While this first version of the APD was developed by a team of ecologists and evolutionary biologists based in Australia, a future goal would be to incorporate additional categorical trait values (and additional traits), ensuring the trait definitions can be reused by any global dataset. Other future enhancements to broaden the global use of the APD may include trait labels in multiple languages (mapped in as synonyms) and trait descriptions in additional languages. Cross-cultural collaborations with Indigenous peoples who hold substantial knowledge of plant species and their characteristics would deepen the information content collated for each trait concept. A customised GitHub issue template allows researchers from across the plant trait research community to suggest additional traits to add to this initiative. A submission would include a proposed trait concept to add, a trait label and description, allowable ranges or values, and references. Once reviewed, these trait concepts could be included in future releases.

Methods

There were three components to building a dictionary for these traits. First, we reviewed and revised each trait concept, minimising ambiguity in its scope and writing an explicit, yet concise trait description. Second, we added metadata fields to each trait definition. Third, we compiled all trait concepts into a single resource, output simultaneously in both human and machine-readable formats.

Reviewing and revising trait concepts, an overview

Preliminary review

Through a preliminary review we divided all traits into three groups: (1) trait concepts that were clear and simple and could be reviewed by just the core AusTraits team; (2) trait concepts that required a brief review by experts; and (3) trait concepts where the trait’s scope or allowable values required significant discussion amongst experts; these were reviewed in a series of workshops (Table 2). For the 149 traits that were the content of an element, isotope, metabolite, or other biochemical compound in a specific plant organ, tissue or cell, the meaning and scope of the trait was usually unambiguous and universally agreed upon; few of these traits required a review outside the core AusTraits team. A review by just the core AusTraits team was also sufficient for 143 additional traits with very explicit, simple definitions, or that were trait concepts linked directly to a publication and accompanying dataset.

Table 2 Traits were divided into clusters requiring different styles of review (see Methods).

Expert reviews

118 physiological and floral traits were reviewed by experts with extensive experience. These reviewers were able to efficiently identify unrealistic allowable value ranges, nonstandard units, incomplete trait descriptions and call attention to missing or inappropriate key references.

Workshop reviews

112 traits were allocated to a specialist workshop, generally because they contained long lists of synonymous or poorly defined categorical trait values or were traits measured differently by different groups of researchers. For traits that required an extensive review, we used a series of small (5–10 person) workshops that brought together researchers who would ideally apply an identical trait concept to diverse research situations. The workshops included researchers at government agencies, universities or herbaria; researchers who were functional ecologists, taxonomists or systematists; and researchers with expertise in diverse plant communities. Three workshops were conducted covering traits within the realms of ‘Seed and dispersal traits’ (October 2021), ‘Leaf and whole plant vegetative traits’ (August 2022) and ‘Fire response and regeneration traits’ (May 2023); each was comprised of 4 or 5 two-hour workshop sessions. Moderated by AusTraits team members, each session was dedicated to clarifying the trait concepts, refining the trait descriptions, identifying key references and carefully compiling a list of allowable trait values that was succinct and distinct. The trait workshops identified trait concepts that were too vague, trait concepts that lacked semantic clarity and curated categorical trait values.

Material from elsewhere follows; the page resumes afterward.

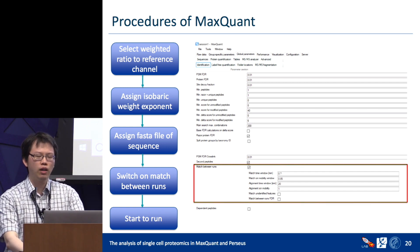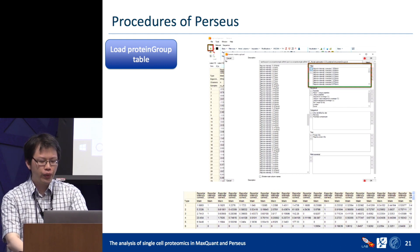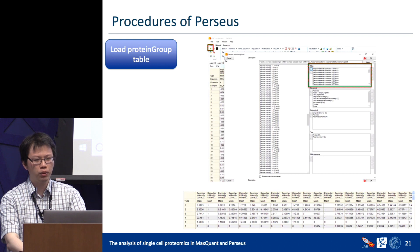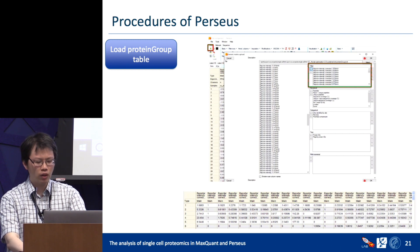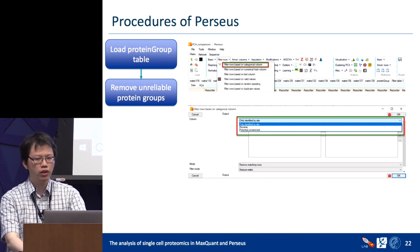After running MaxQuant, we get the output tables and can move to Perseus. Click the Load icon on the left, navigate to your protein groups tables, and all columns will appear in the left block. Select which columns you want to put into the matrix and move them to the right block, then press OK. The matrix will appear on your screen. You can also remove unreliable protein groups such as those only identified by site, reverse, or contaminant — select and remove them one by one.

Completing trait definitions

The core goal of all reviews was to delineate trait concepts and lists of trait values to which all data submitted to AusTraits could be unambiguously mapped. The outcomes of the workshops, expert reviews and internal reviews were used to write a trait description and propagate additional metadata for each trait concept.

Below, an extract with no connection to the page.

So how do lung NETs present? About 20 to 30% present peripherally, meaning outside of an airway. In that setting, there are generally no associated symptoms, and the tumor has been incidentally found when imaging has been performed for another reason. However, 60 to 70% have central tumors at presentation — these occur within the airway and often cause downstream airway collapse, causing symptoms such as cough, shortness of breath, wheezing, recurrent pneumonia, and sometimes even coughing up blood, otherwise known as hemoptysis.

Trait descriptions and comments

A clear, explicit and comprehensive trait description was drafted for each trait. Whenever possible, trait descriptions were closely aligned to those in trait handbooks, reference books, research papers describing key methods and existing trait ontologies. Following the example set by formal ontologies (e.g. the OBO Foundry ontologies PATO, PO and TO) and the TOP Thesaurus, a second formal description was drafted for each trait where all technical terms were linked to classes (words; concepts) in published ontologies. This removed ambiguity in what was meant by a term and required that all definitions were written with reference to a narrow list of words. Although this formal method generated a unique definition for each trait, the less formal, non-annotated trait descriptions were considered essential to convey the trait concepts to users, as the encoded descriptions are often awkward to read and interpret. In addition, a comments field provided a location to document notes, including referencing similar traits, best practice measurement methods, important context variables and possible sources of error within the amalgamated data. For instance, the definition for the trait “leaf area” could include a comment indicating that although only leaf area data are meant to be mapped to this trait concept, many authors will merge leaflet and leaf area data under the title “leaf area” and therefore trait databases, such that AusTraits, will contain a mix of leaf and leaflet area data under the “leaf area” trait. Meanwhile, for photosynthetic rate traits the comments field could indicate that it is best practise to document leaf temperature as a context property.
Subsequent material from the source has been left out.